- TASK DETAILS
Starting with the first line of the records, write out each line exactly until you have included the line containing "1 pokój, mieszkanie".

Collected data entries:

[Start of section]

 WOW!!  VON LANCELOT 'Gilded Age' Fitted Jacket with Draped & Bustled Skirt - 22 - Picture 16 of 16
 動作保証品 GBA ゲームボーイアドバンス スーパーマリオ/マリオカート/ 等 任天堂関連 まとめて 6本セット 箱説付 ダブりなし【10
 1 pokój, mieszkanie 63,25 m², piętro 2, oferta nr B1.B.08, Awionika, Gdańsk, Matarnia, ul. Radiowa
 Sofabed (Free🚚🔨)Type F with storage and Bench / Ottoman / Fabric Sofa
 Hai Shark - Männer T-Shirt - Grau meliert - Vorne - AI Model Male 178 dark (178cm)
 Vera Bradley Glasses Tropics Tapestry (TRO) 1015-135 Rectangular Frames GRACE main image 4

[End of section]

- SOLVED PROBLEM
 WOW!!  VON LANCELOT 'Gilded Age' Fitted Jacket with Draped & Bustled Skirt - 22 - Picture 16 of 16
 動作保証品 GBA ゲームボーイアドバンス スーパーマリオ/マリオカート/ 等 任天堂関連 まとめて 6本セット 箱説付 ダブりなし【10
 1 pokój, mieszkanie 63,25 m², piętro 2, oferta nr B1.B.08, Awionika, Gdańsk, Matarnia, ul. Radiowa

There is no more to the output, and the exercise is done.